Commencement Spotlight: Daniel Amodio, Full-Time MBA

amodio tower_1-300x451Daniel Amodio, MBA ’13, is a baseball fan, born and raised. He spent childhood afternoons with his dad watching the Cleveland Indians, collected a variety of Little League trophies, and played second base for the Medina High School Bees, a team “about as fearful as it sounds.” Now, he’s using his Texas MBA to globalize America’s Pastime, starting with the Australian Baseball League. Amodio’s love of baseball has evolved over time. While he worked toward his BBA at Miami University, he interned with the Cincinnati Reds, where he followed around the mascot, answered phones in the marketing department, and became interested in baseball’s uniquely devoted business culture.

“It is a bunch of passionate people that are there for a reason, because they love it, and that creates a really great atmosphere around the office,” he says. “I always remembered that and wanted to come back to it.”

That’s what eventually led him enroll in McCombs’ full-time MBA program in 2011.

In his first year at McCombs, Amodio helped develop a sustainable business model for the United States Olympic Committee, winning the San Diego State University International Sports MBA Case Competition. He returned to the big leagues to work on a PLUS project (short-term consulting internship) for the San Francisco Giants, and last summer he traveled to Sydney to intern for the Australian Baseball League, where he worked on developing a marketable and strategic business plan for the crowded Australian sports market. After graduation, he will return to Sydney and continue that work as the baseball operations and facilities manager.

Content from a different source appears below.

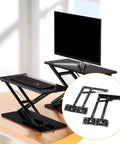 Two Pack Coffee Table Lift Hinge Set With Premium Hydraulic Rod for smooth effortless lifts, shown on a desk setup.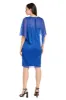 Royal Cocktail Caplet Dress with Rhinestone and Ruffle Side Detail sold by R&M Richards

“Baseball and sports are unique, but they’re still just businesses and have the same needs as any corporation,” Amodio says. “It’s great for me to get that overall business experience and be able to apply some of those things. For instance, the project I was working on in Australia was essentially a strategic growth project. How big should we get? And when should we make this move? Is it risky? Is it worth it? Those were the same questions we talked about in my strategic management class.”

Amodio says there are two major differences between American Major League Baseball and the ALB. MLB teams are owned by individuals and corporations, while the ABL teams are entities of the Australian Baseball Federation and are funded by both the American MLB and the Australian government. As an intern, Amodio worked to fit the MLB’s model of third-party ownership and operation to the much smaller ABL.

The second difference is size. According to a 2012 Harris poll, baseball is the second-most popular sport in America, posting revenue of $7.5 billion last year and drawing more than 10 billion spectators across its 30 teams. In contrast, Australia’s league, started in 2009, has only six teams and ranks below dog racing in numbers of spectators. While working in Sydney, Amodio says, it wasn’t uncommon to hear “oh, we have a baseball league here?”

However, according to Amodio, employees of both leagues share a sense of enthusiasm.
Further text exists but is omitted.